Für die Finanzministerin ist sie «eine gute Freundin».

Für den Geschäftsführer des liberalen Wirtschaftsinstituts «eine Wohltat und ein Segen».

Und der bürgerliche Parteipräsident nennt sie schlicht «identitätsstiftend».

Wäre die Schuldenbremse nicht nur ein Konzept, sondern, sagen wir, ein Gegenstand oder ein Mensch – sie stünde schon längst vergoldet als Denkmal vor dem Bundeshaus. Lang lebe die Schuldenbremse!
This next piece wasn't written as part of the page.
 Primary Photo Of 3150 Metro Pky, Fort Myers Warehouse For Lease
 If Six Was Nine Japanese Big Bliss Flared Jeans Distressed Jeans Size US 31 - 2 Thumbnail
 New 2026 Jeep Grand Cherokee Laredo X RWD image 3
Erfunden in einer schlaflosen Nacht

Erfunden wurde dieses sehr schweizerische Instrument mit dem sehr schweizerischen Namen vor zwei Jahrzehnten von Kaspar Villiger, dem ehemaligen freisinnigen Finanzminister und späteren UBS-Verwaltungsratspräsidenten. In den diversen Schriften, Veranstaltungen und Partys zum 20-Jahr-Jubiläum zeichnete Villiger im Herbst 2023 nach, wie er nach einer schlaflosen Nacht die Schuldenbremse skizzierte und bald darauf auch umsetzte.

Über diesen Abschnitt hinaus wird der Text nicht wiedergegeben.